**YOUR GOAL:** Restate all entries word for word, minus pictures.

========================================================================

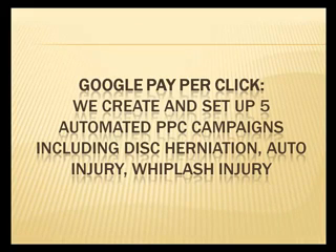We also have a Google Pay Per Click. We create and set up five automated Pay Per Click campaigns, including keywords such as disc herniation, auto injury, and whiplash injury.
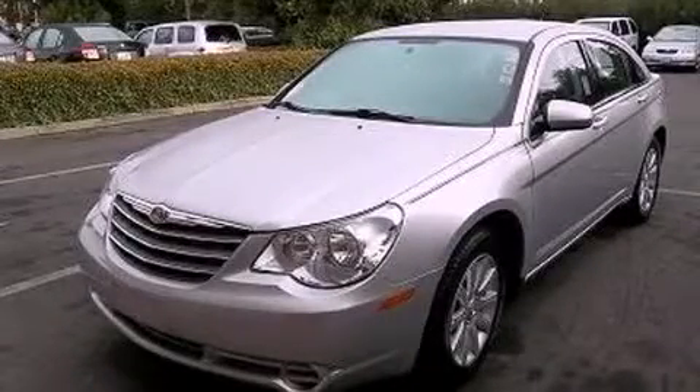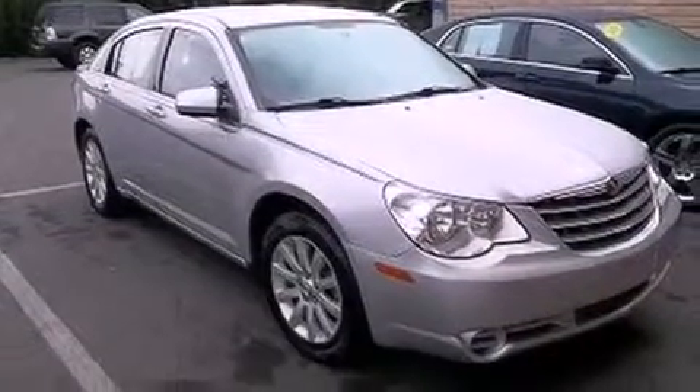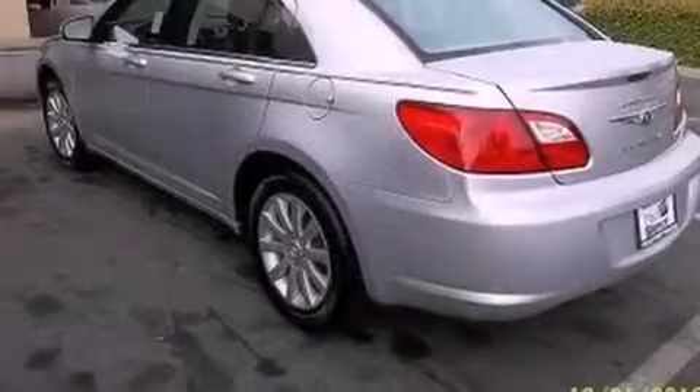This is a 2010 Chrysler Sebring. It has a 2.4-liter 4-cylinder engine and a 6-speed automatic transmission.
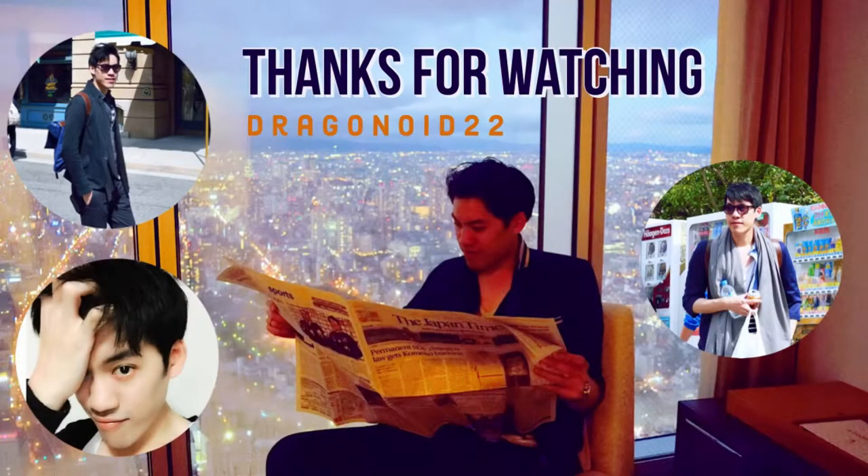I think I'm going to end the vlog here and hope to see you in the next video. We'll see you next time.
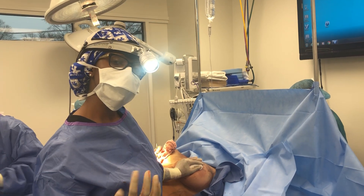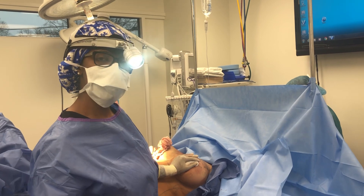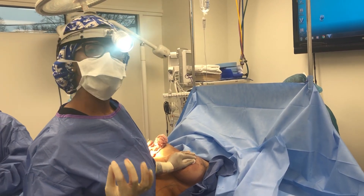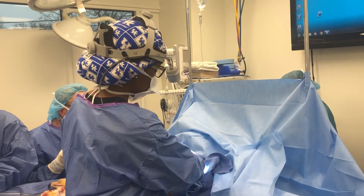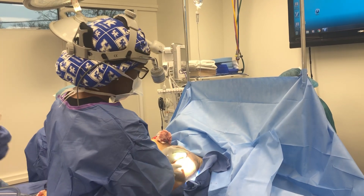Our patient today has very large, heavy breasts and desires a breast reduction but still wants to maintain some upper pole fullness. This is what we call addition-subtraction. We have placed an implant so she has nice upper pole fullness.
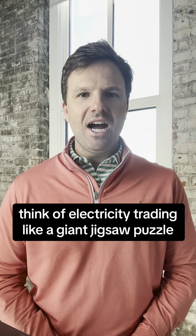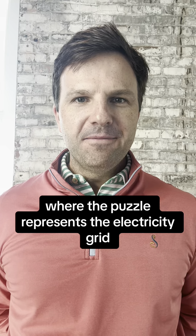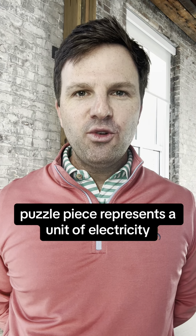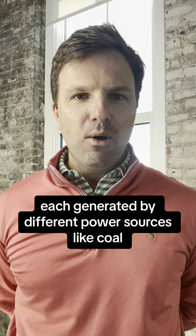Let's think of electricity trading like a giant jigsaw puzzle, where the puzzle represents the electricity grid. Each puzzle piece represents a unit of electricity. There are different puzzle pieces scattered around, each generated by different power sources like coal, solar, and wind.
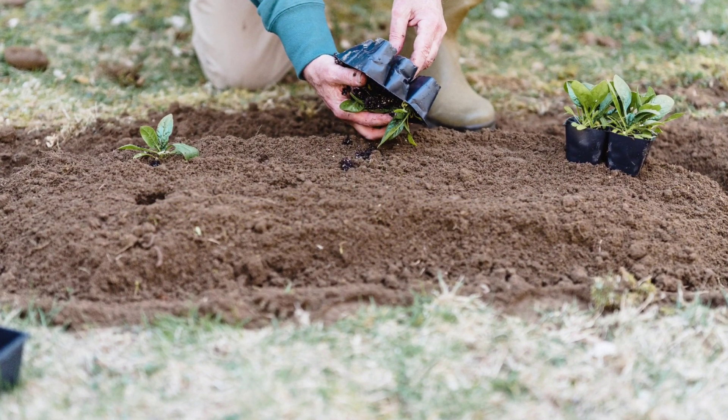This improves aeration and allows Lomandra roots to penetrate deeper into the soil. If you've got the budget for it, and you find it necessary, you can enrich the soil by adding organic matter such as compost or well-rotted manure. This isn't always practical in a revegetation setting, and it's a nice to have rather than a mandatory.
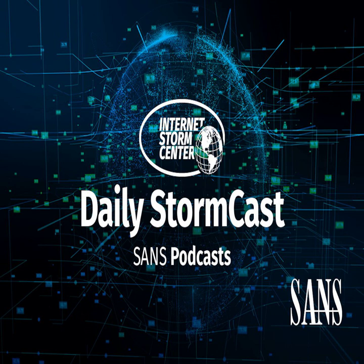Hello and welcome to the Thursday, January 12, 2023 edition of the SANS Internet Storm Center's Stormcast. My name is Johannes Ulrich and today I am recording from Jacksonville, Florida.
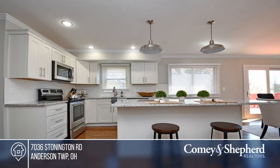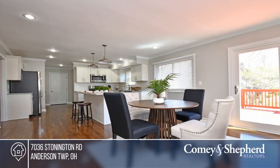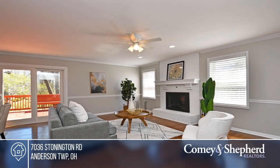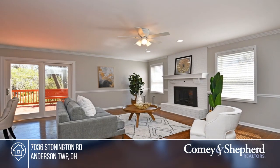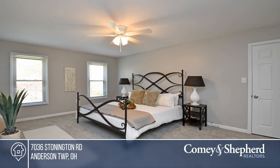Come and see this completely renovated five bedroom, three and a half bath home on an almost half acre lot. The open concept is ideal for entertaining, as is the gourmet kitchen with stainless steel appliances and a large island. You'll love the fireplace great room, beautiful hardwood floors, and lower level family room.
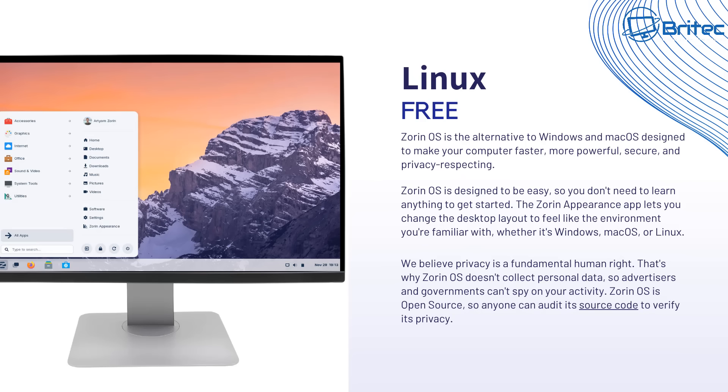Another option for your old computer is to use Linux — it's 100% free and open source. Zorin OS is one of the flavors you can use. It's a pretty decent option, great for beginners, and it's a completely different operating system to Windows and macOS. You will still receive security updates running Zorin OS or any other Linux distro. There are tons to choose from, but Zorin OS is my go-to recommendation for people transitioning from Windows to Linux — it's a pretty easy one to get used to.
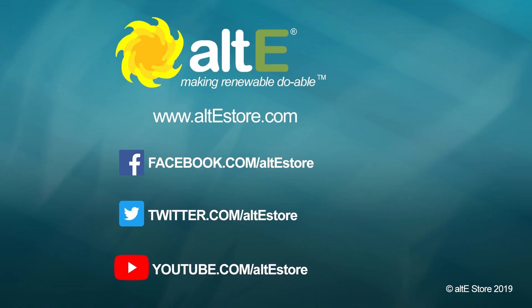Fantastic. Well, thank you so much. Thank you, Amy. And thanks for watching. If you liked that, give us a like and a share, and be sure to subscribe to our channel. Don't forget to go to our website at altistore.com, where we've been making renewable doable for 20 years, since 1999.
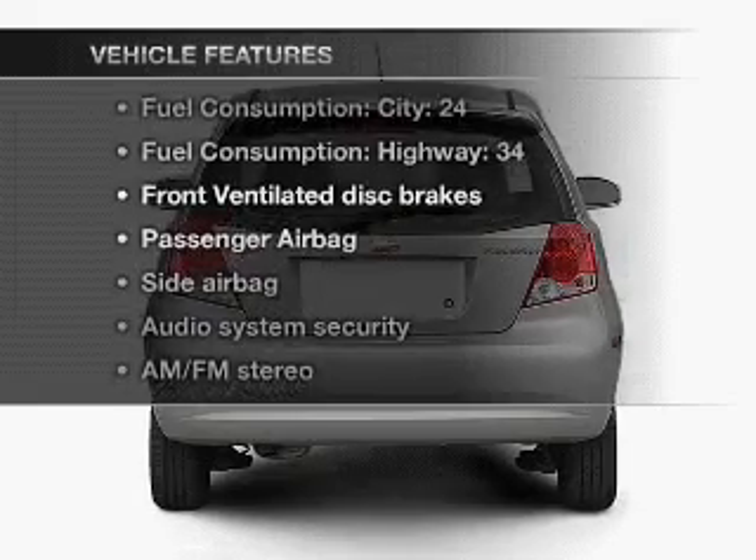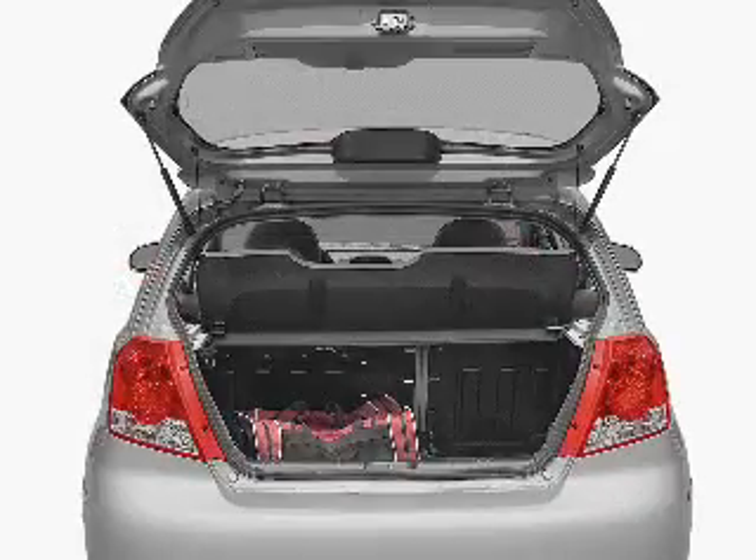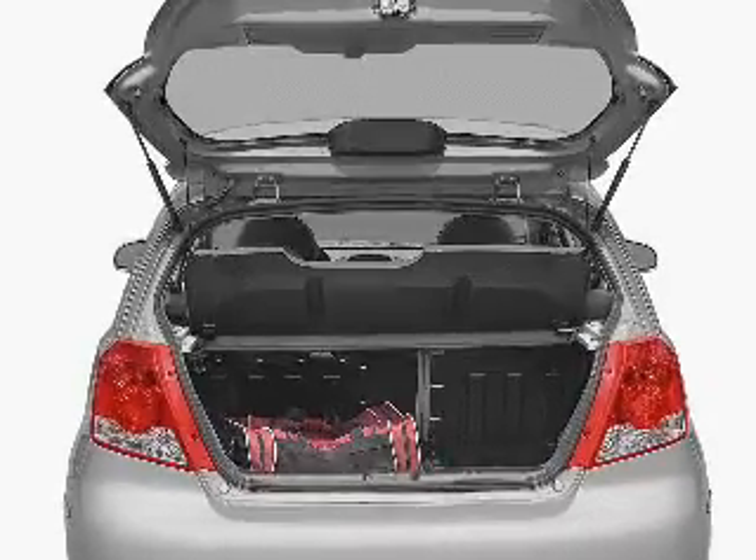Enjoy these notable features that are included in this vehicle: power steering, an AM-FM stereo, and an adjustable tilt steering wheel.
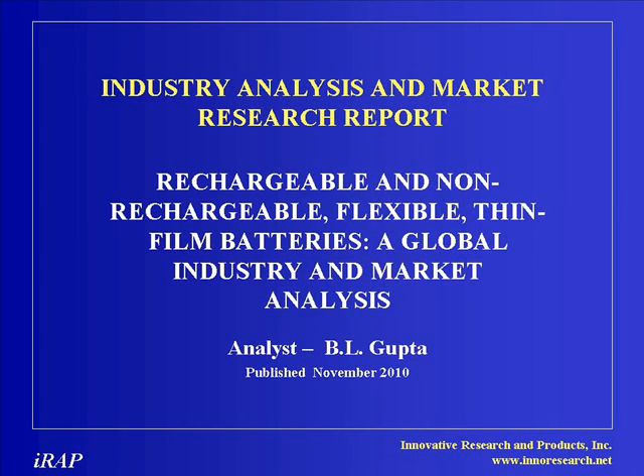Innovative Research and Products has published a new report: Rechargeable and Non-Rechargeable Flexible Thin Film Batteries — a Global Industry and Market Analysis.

========================================================================

**RESPONSE TO THIS TASK:**
We also have a Google Pay Per Click. We create and set up five automated Pay Per Click campaigns, including keywords such as disc herniation, auto injury, and whiplash injury.
This is a 2010 Chrysler Sebring. It has a 2.4-liter 4-cylinder engine and a 6-speed automatic transmission.
I think I'm going to end the vlog here and hope to see you in the next video. We'll see you next time.
Our patient today has very large, heavy breasts and desires a breast reduction but still wants to maintain some upper pole fullness. This is what we call addition-subtraction. We have placed an implant so she has nice upper pole fullness.
Let's think of electricity trading like a giant jigsaw puzzle, where the puzzle represents the electricity grid. Each puzzle piece represents a unit of electricity. There are different puzzle pieces scattered around, each generated by different power sources like coal, solar, and wind.
This improves aeration and allows Lomandra roots to penetrate deeper into the soil. If you've got the budget for it, and you find it necessary, you can enrich the soil by adding organic matter such as compost or well-rotted manure. This isn't always practical in a revegetation setting, and it's a nice to have rather than a mandatory.
Hello and welcome to the Thursday, January 12, 2023 edition of the SANS Internet Storm Center's Stormcast. My name is Johannes Ulrich and today I am recording from Jacksonville, Florida.
Come and see this completely renovated five bedroom, three and a half bath home on an almost half acre lot. The open concept is ideal for entertaining, as is the gourmet kitchen with stainless steel appliances and a large island. You'll love the fireplace great room, beautiful hardwood floors, and lower level family room.
Another option for your old computer is to use Linux — it's 100% free and open source. Zorin OS is one of the flavors you can use. It's a pretty decent option, great for beginners, and it's a completely different operating system to Windows and macOS. You will still receive security updates running Zorin OS or any other Linux distro. There are tons to choose from, but Zorin OS is my go-to recommendation for people transitioning from Windows to Linux — it's a pretty easy one to get used to.
Fantastic. Well, thank you so much. Thank you, Amy. And thanks for watching. If you liked that, give us a like and a share, and be sure to subscribe to our channel. Don't forget to go to our website at altistore.com, where we've been making renewable doable for 20 years, since 1999.
Enjoy these notable features that are included in this vehicle: power steering, an AM-FM stereo, and an adjustable tilt steering wheel.
Innovative Research and Products has published a new report: Rechargeable and Non-Rechargeable Flexible Thin Film Batteries — a Global Industry and Market Analysis.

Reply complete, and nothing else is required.